The key industry areas that will experience downstream pressures in the wake of the coronavirus pandemic.
The fallout from the unprecedented global spread of COVID-19 is only starting to be felt in the life science sector-and without a quick resolution to the crisis, headwinds into the second and third quarters of 2020, and beyond, are likely to be significant. The following are four key areas that will need thoughtful contingency planning from both an operational and communications perspective. Now is the time for companies to consider formalizing their Issues Management Team (IMT) and developing a concrete plan, addressing various levels of crisis/issues to prepare for success.
#1. Funding challenges
With the economy and markets now solidly in bear market territory, funding and liquidity is increasingly top-of-mind with both up-and-coming biotech and established players. Stock market woes are making money tight, and the traditional channels such as face-to-face conferences are grinding to a halt, with the domino effect of industry conference cancellations and postponements. At the same time, company travel restrictions and work-from-home mandates are making roadshows untenable. According to NVCA/Pitchbook, investors have raised more than $210 billion since 2016 and there is ample dry powder in the market to put to work, although there will be a focus on biotech and drug discovery deemed as “essential businesses” versus lifestyle- focused medicines. In this new landscape, companies that are able to pivot to new ways of telling their differentiated story, accepting delays caused by the pandemic, providing transparency, and using unique digital communications in the form of virtual presentations and investor outreach will come out ahead.
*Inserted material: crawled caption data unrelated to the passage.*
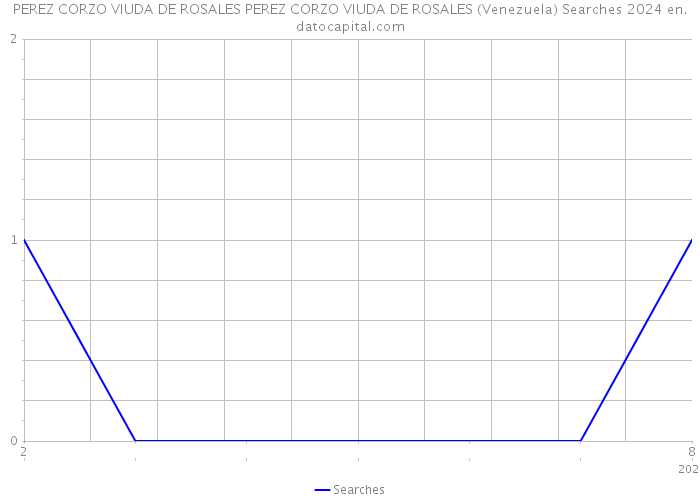PEREZ CORZO VIUDA DE ROSALES PEREZ CORZO VIUDA DE ROSALES (Venezuela) Searches 2024 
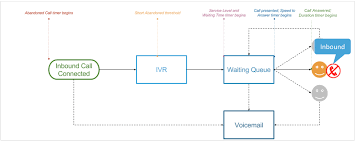 Call Flow Talkdesk Support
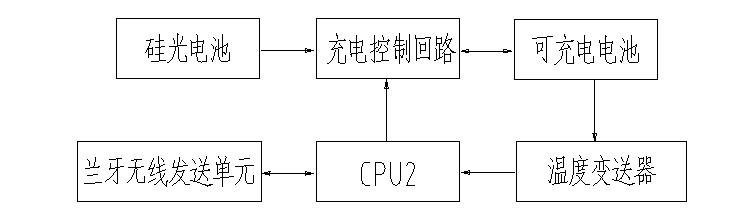 用于生物制藥中的多點(diǎn)無(wú)線測(cè)溫系統(tǒng)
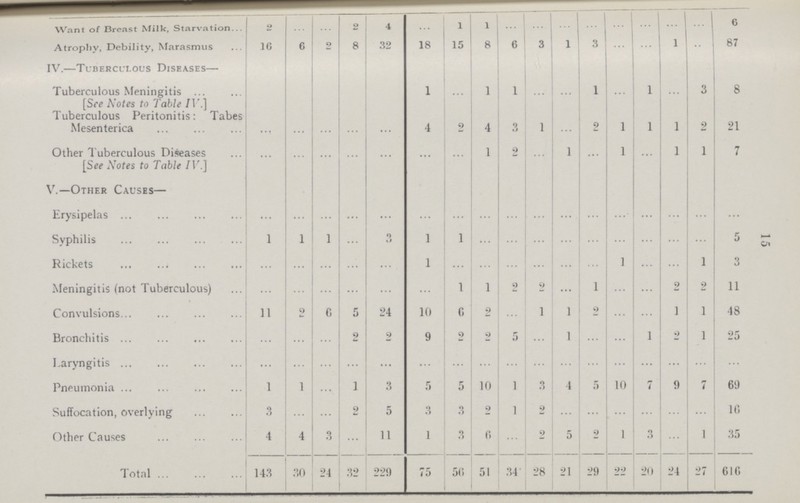 15 Want of Breast Milk, Starvation 2 ... ... 2 4 ... l 1 ... ... ... ... ... ... ... ... 6 Atrophy, Debility, Marasmus 16 6 2 8 32 18 15 8 6 3 1 3 ... ... 1 ... 87 IV.—Tuberculous Diseases— Tuberculous Meningitis [See Notes to Table IV.] ... ... ... ... ... 1 ... 1 1 ... ... 1 ... 1 ... 3 8 Tuberculous Peritonitis: Tabes Mesenterica ... ... ... ... ... 4 2 4 3 1 ... 2 1 1 1 2 21 Other Tuberculous Diseases [See Notes to Table IV.] ... ... ... ... ... ... ... 1 2 ... 1 ... 1 ... 1 1 7 V.—Other Causes— Erysipelas ... ... ... ... ... ... ... ... ... ... ... ... ... ... ... ... ... Syphilis 1 1 1 ... 3 1 1 ... ... ... ... ... ... ... ... ... 5 Rickets ... ... ... ... ... 1 ... ... ... ... ... ... 1 ... ... 1 3 Meningitis (not Tuberculous) ... ... ... ... ... ... 1 1 2 2 ... 1 ... ... 2 2 11 Convulsions 11 9 c 5 24 10 6 2 ... 1 1 2 ... ... 1 1 48 Bronchitis ... ... ... 2 2 9 2 9 5 ... 1 ... ... 1 2 1 25 Laryngitis ... ... ... ... ... ... ... ... ... ... ... ... ... ... ... ... ... Pneumonia 1 1 ... 1 3 5 5 10 1 3 4 5 10 7 ... 7 69 Suffocation, overlying 3 ... ... 2 5 3 3 2 1 2 ... ... ... ... ... ... 16 Other Causes 4 4 3 ... 11 1 3 6 ... 2 5 9 1 3 ... 1 35 Total 143 30 24 32 229 75 56 51 34 28 21 29 22 20 24 27 616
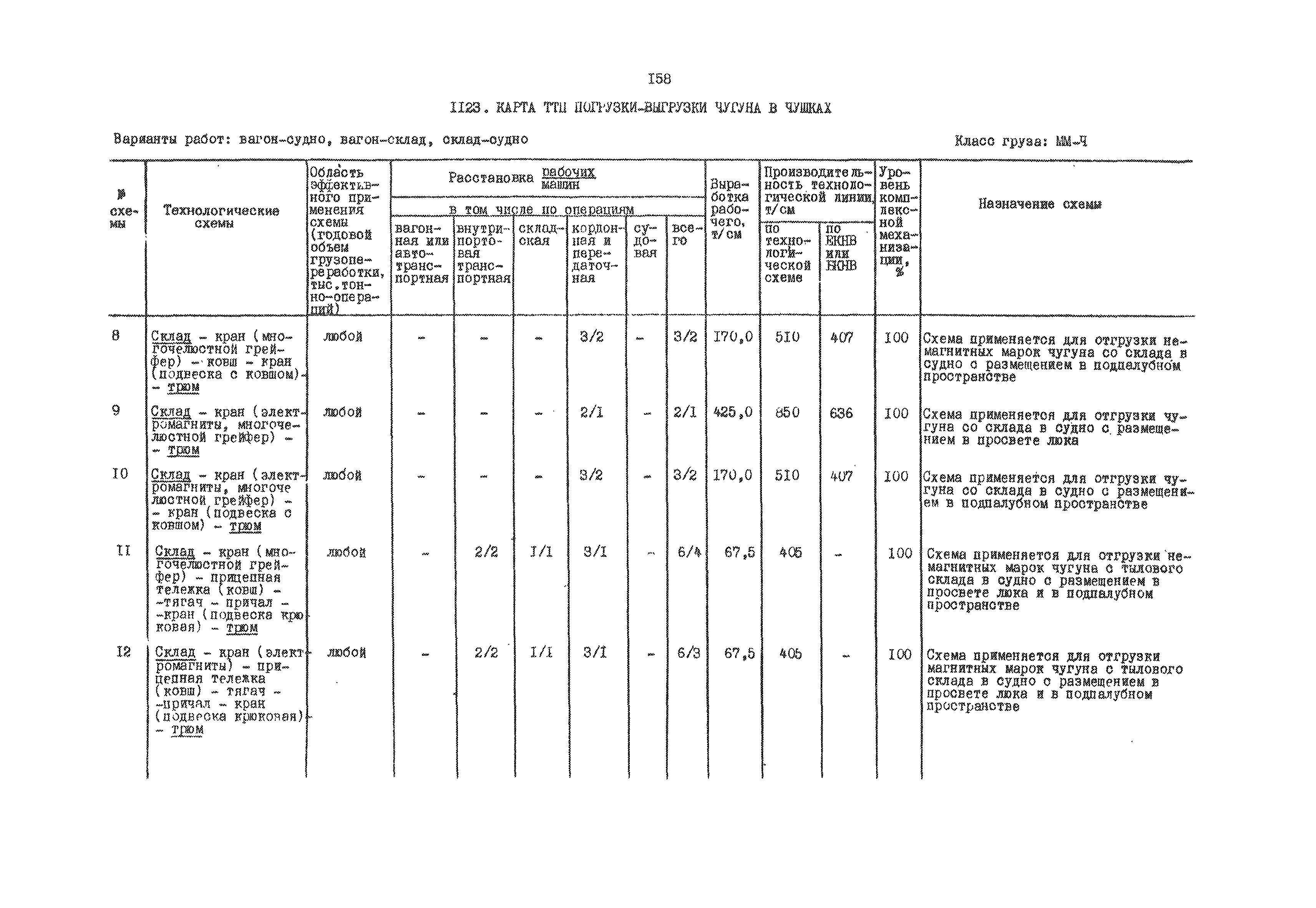 РД 31.41.01.03-79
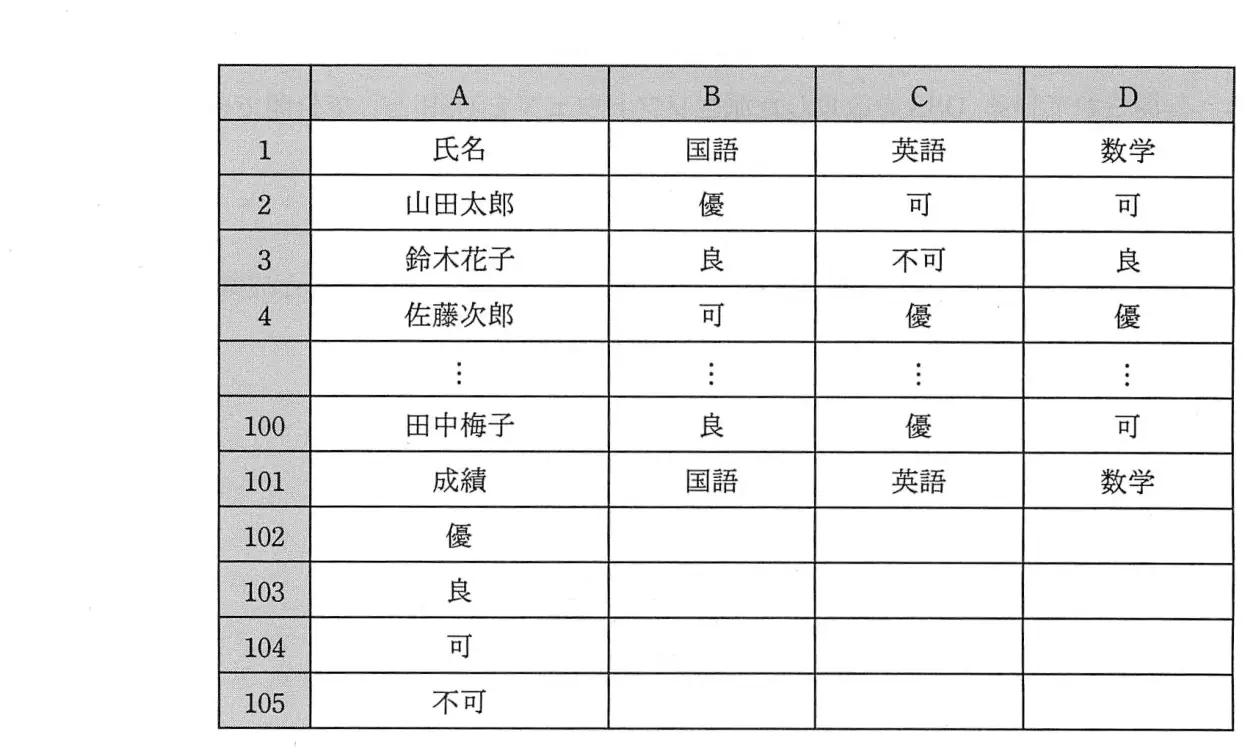 平成23年度秋期 問69 図1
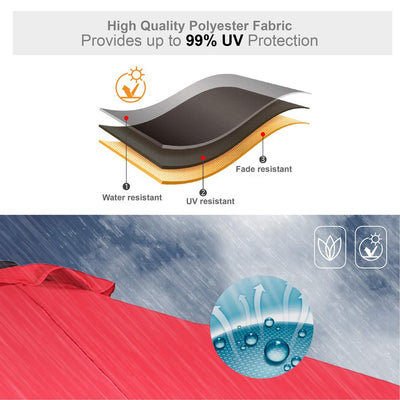 15ft Double-Sided Patio Extra Large Twin Umbrella with Base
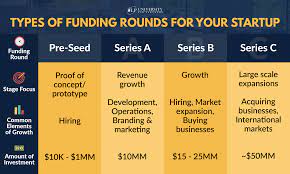 Again, these are still typically higher risk/higher reward investments because the company can still be in the startup or product development stage. How Series A B C Funding Works For Your Startup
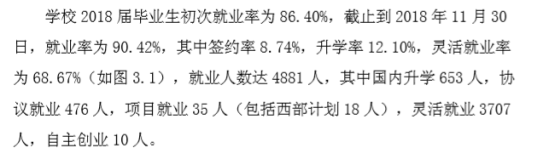 吕梁学院就业率及就业前景怎么样（来源2021-2022学年本科教学质量报告）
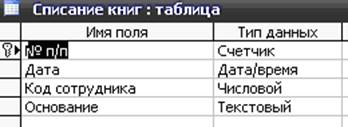 курсовая база данных библиотека access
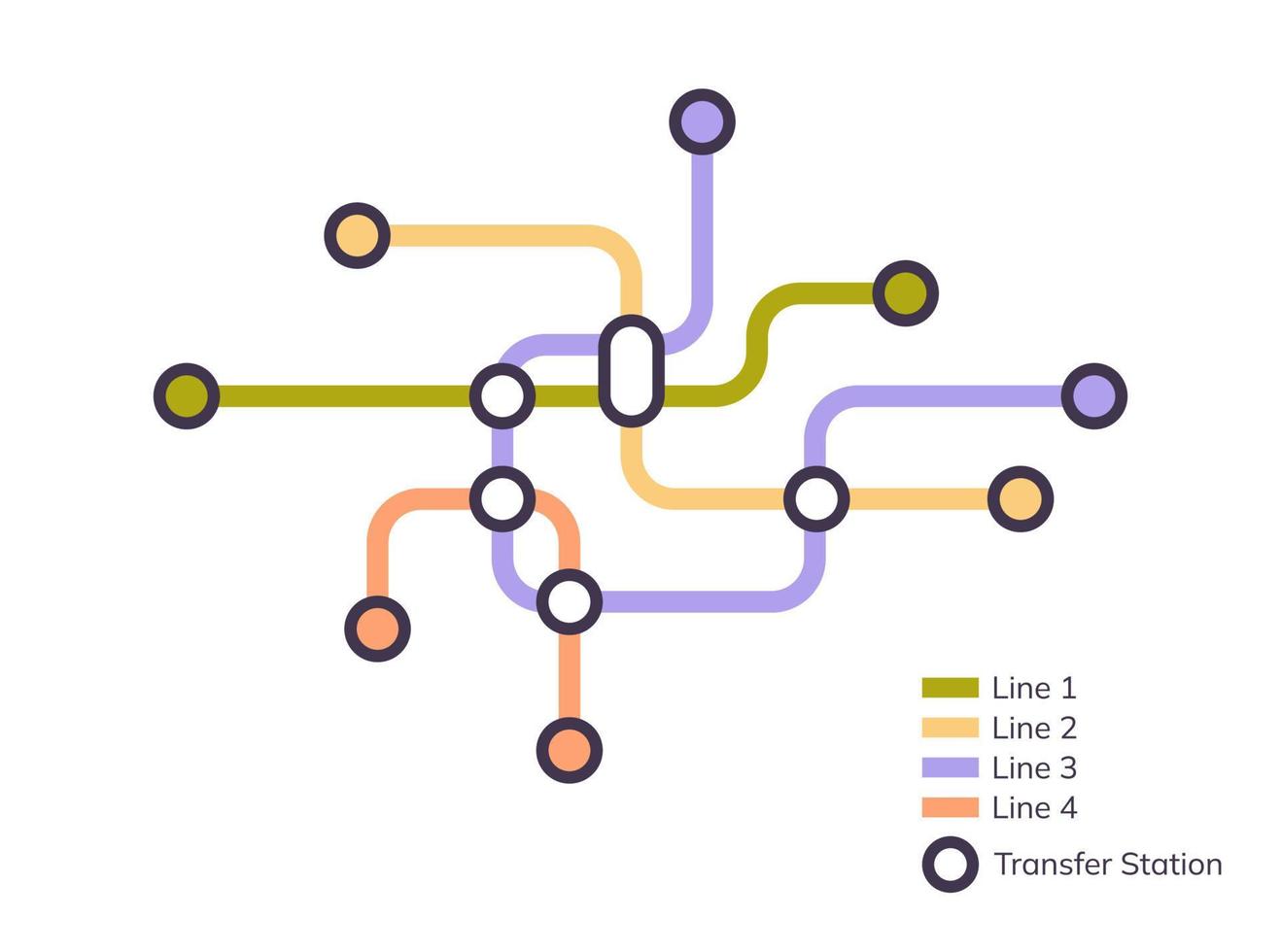 Flecha de metro  Vectores de dominio público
#2. Regulatory and commercialization delays
The health system’s overwhelming focus on addressing the coronavirus pandemic and capacity strains put on medical professionals, hospitals, and health systems could result in delays in the completion of clinical trials, not to mention recruitment. Focus on combatting the pandemic will also limit key FDA interactions for many companies and potential missed milestones could result in development timelines being pushed out. It is important to get in front of these disruptions and communicate clearly to your key stakeholder audiences and having a framework in place will jump-start your efforts. Many companies have provided updates to investors, clinical site directors, patient groups, and consumers. Those not taking the chance to reset expectations on their product plans are missing both an opportunity for a pass for a potential delay and reenforcing company reputation.
#3. Manufacturing and supply chain disruptions
A lopsided portion of active pharmaceutical ingredients (APIs) used in drug manufacturing and components in med tech products and devices are now contracted with China and other Asian countries hard-hit by the coronavirus pandemic. Manufacturing and supply chain disruptions are a very real threat to our industry and have to be addressed clearly to instill confidence. It is somewhat unclear about the direct impact of supply chain delays to the bottom line, although many commercial stage companies have reported that it won’t have a material impact on financial results. It has been reported that some companies’ China operations are slowly returning to normality and manufacturing alternatives are being sought in India and the European Union.
#4. Cancellation of medical meetings
Just as industry and investor conferences are being canceled and postponed, so are medical meetings. In the absence of these meetings, it will be incumbent upon companies to develop alternative and compelling virtual or digital means to present their data. Digitally presenting your data and summarizing your poster presentation is one creative way of addressing this and posting to your website. Company executives of all levels must now come prepared to present their data in a new online channel, with perhaps a different set of attendees than the coveted oral presentation at a major medical meeting provides. Be prepared for those presentations to be shared in social media channels. There could not be a more important time to open your digital and social channels, with clear policies in place.